Dataset content
───
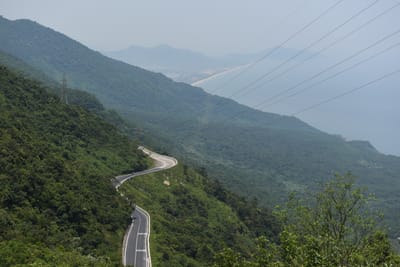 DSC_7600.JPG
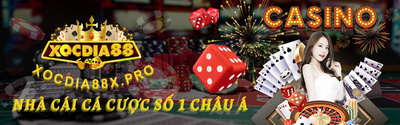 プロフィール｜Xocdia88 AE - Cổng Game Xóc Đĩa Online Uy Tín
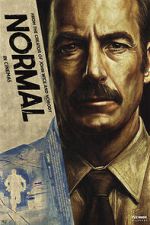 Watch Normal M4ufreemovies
───
Write out all the data exactly, minus pictures.

 DSC_7600.JPG
 プロフィール｜Xocdia88 AE - Cổng Game Xóc Đĩa Online Uy Tín
 Watch Normal M4ufreemovies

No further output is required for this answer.